The aircraft lurched as the pilot leaned on the throttle, and Chapel had to grab on to a stanchion or be thrown from his seat. Below he could see the forest hurtling by, just a green blur. After a few minutes, he had Angel set him up on Nadia’s frequency again.
He took a couple of deep breaths. Forced himself to get into character. If his voice betrayed how much he wanted to catch Nadia, to avenge himself, she might shut down the broadcast immediately. He had to sound like he had the last time they’d spoken, in Aralsk-30. Like a man talking to his lover.
“Nadia,” he said into his microphone, “you asked me a question. You asked me what was the worst part of crossing the Kyzyl Kum. I don’t know what the worst part for you was,” he said, “but for me it was probably having a giant lizard chomp my arm.”
He heard a click and knew that Angel had muted his microphone. The helicopter’s engines were screaming now — if Nadia heard that sound on the line, there was a small chance she might guess where Chapel was, and that he was close enough to be a threat.
Still, even with the mike muted, he made no sound. He held his breath while he waited for her to reply. Maybe he had waited too long before answering her. Maybe she already suspected this was a trap. If she was smart, she wouldn’t transmit more than she absolutely needed to.
But no, he thought. She would think she was safe. Having stolen Angel’s special frequency-hopping packet-switching whatever-it-was signal technology, she would know the Russians had no way of tracing her. She would know that only Angel, out of everyone in the world, had even the slightest clue how she was communicating.
Still, she took her time about it. Chapel had to let go of his trapped breath. He sagged against the fuselage of the helicopter, suddenly feeling very, very tired.
Then there was a click in his ear, and he heard Nadia speak.
Or laugh, rather. He remembered that laugh — it had always come to her so easily. “Jim, it is you,” she said. “I’m so very glad you’re still alive.”
“That makes two of us,” he told her.
“Jim,” Nadia said, “how did you get out of there? The last time I saw you, you were down on the ground, and a Russian soldier was standing over you with a shotgun.” She laughed again. He used to like that laugh. “I wept for you, because I was certain you were dead.”
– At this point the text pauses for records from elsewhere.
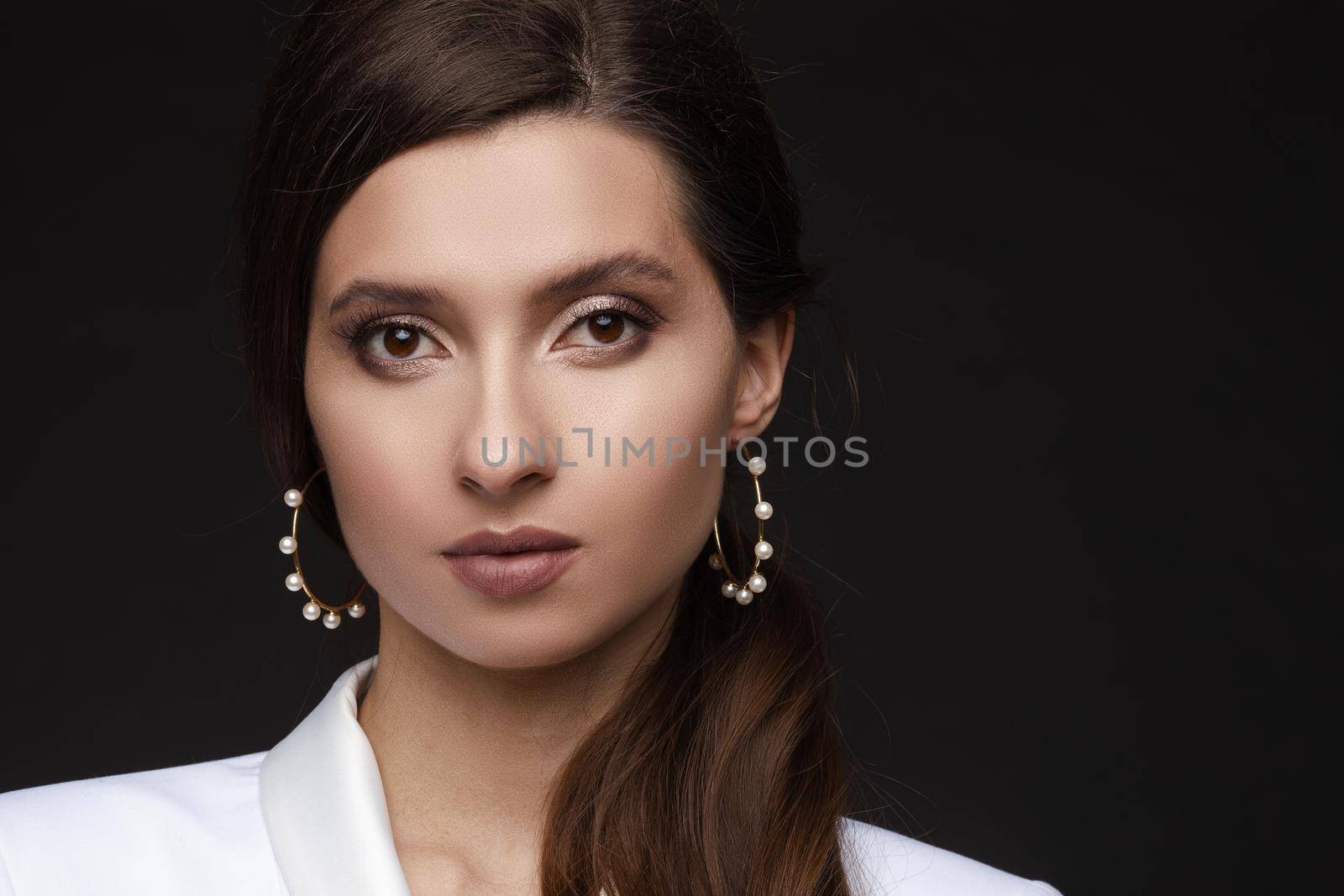 Close up of gorgeous and seductive woman with perfect bronze clean skin, plumps lips, confident looking at camera. Young brunette girl after procedure and makeup in beauty salon. Concept of beauty.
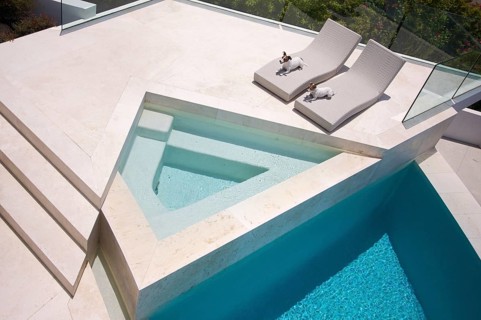 Custom luxury pool and chairs abstract with two jrts relaxing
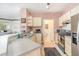 Kitchen showcases stainless steel appliances, ample storage, and breakfast bar at 2717 Maitland Crossing # 207, Orlando, FL 32810
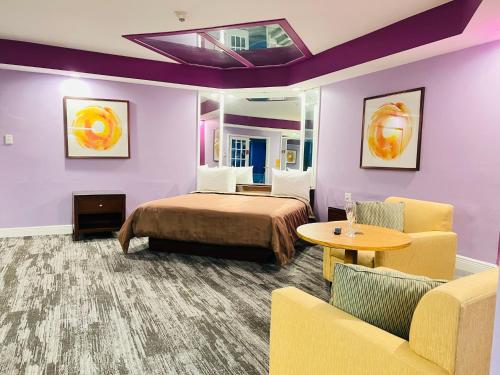 a hotel room with a bed and a couch and a table at Inn of the Dove - Romantic Luxury Suites with Jacuzzi & Seasonal Fireplace at Harrisburg-Hershey-Philadelphia, PA in Harrisburg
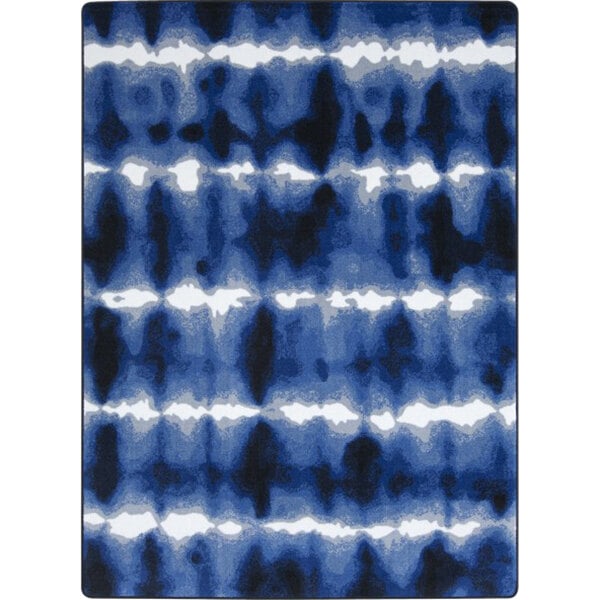A close-up of a cobalt blue and white rug with a pattern.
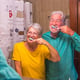Couple of two happy and smiling seniors brushing their teeth of they each other together at home in the bathroom - self care and taking care of theyself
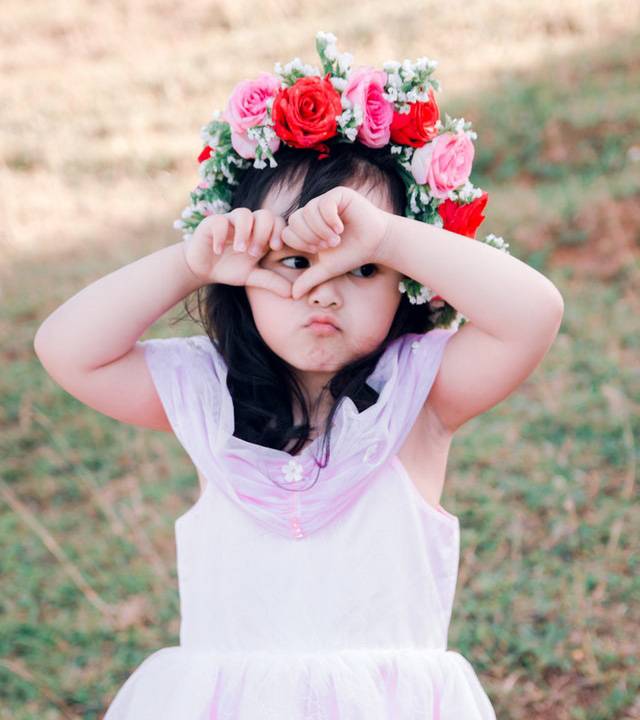 girl covering her face floweers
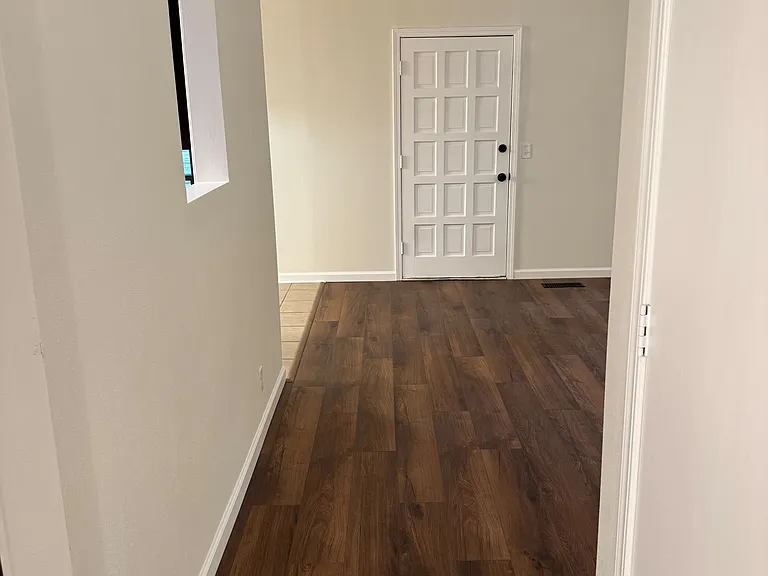 Hallway from front sitting area flows into kitchen and living room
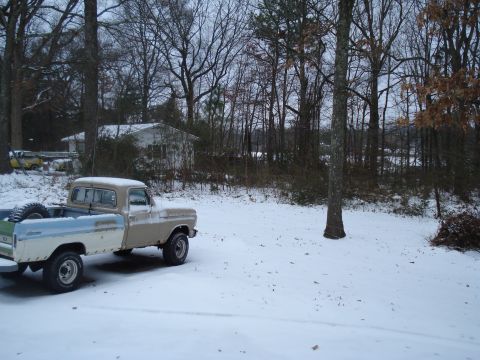 1994 Ford F-350 - Pickup truck sits in a snowy yard with a house and trees visible in the background.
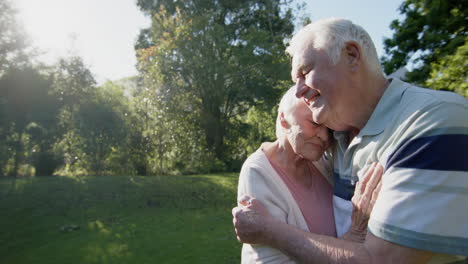Happy-senior-caucasian-couple-embracing-in-sunny-garden,-slow-motion,-copy-space
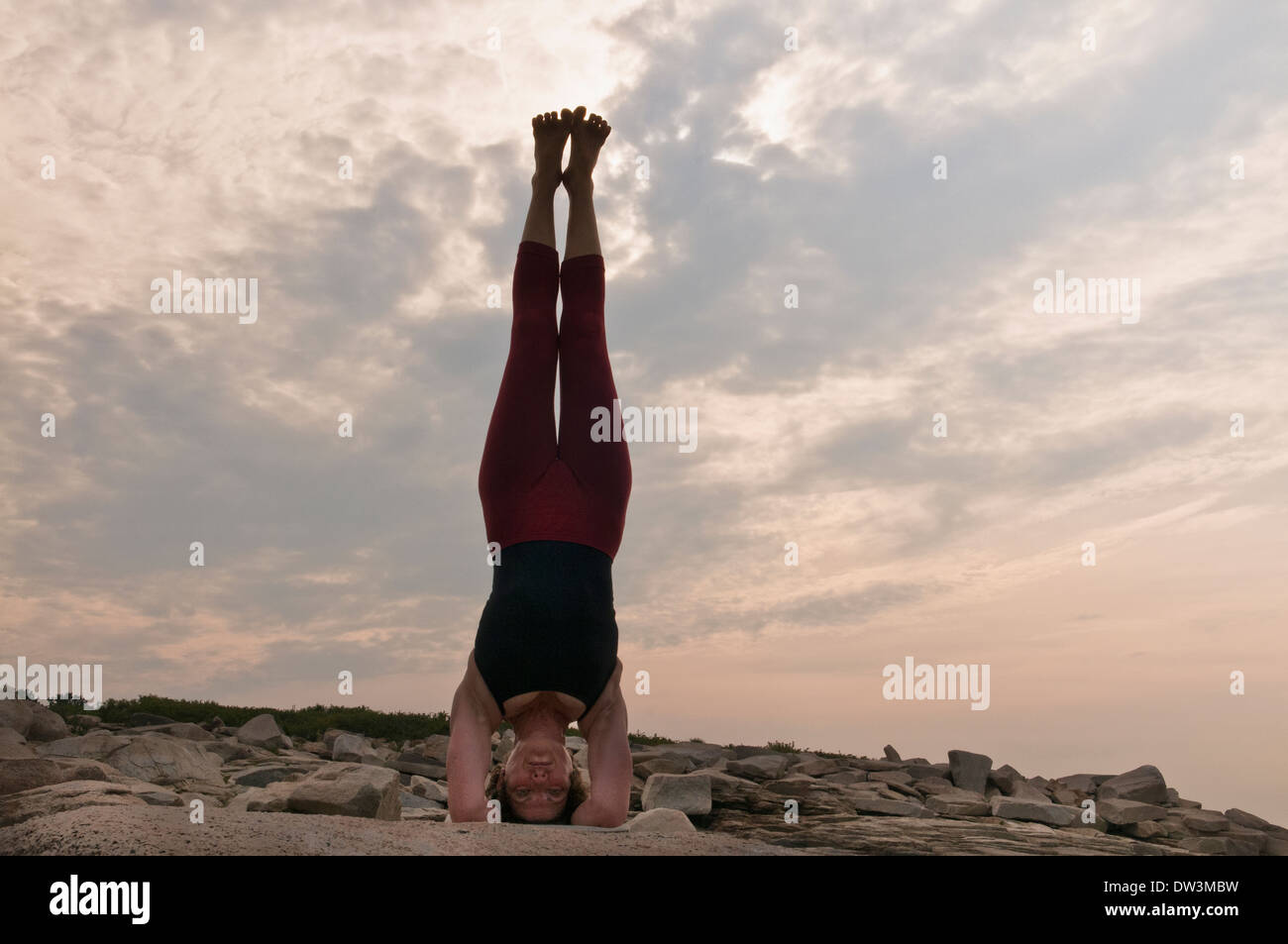 Iyengar Yoga Instructor Demonstrates Sirsasana (Inverted). Stock Photo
“They had orders to take us alive,” Chapel told her. He tried to think of a cunning lie, something close enough to the truth she might actually believe it. “That shotgun was loaded with Taser rounds. One of them hit me in my artificial arm, and the silicone flesh protected me from the worst of the shock. I dropped to the ground and the soldier thought I was down, that he’d incapacitated me. I let him believe that. Once I took him down, there wasn’t much left of the Russians to deal with.”
“You’re saying if Bogdan and I had come back for you — if we had doubled back — but instead we left you there, stranded…”
“Don’t worry about that,” Chapel told her. “Angel was able to get me some transport to the submarine.” Maybe it could have gone down that way, if the Taser had hit him in his artificial arm instead of his chest. “But what about you — how did you get out of Kazakhstan?”
“Bogdan and I drove north, away from Aralsk-30. We were panicked. We thought that if you were not with us, your friends wouldn’t pick us up. So we drove to a little oasis not far away and ditched the truck. I called Varvara and she had some of her friends come and get us and help us cross the Russian border — on camels, of all things. It was a frightening voyage but we made it.”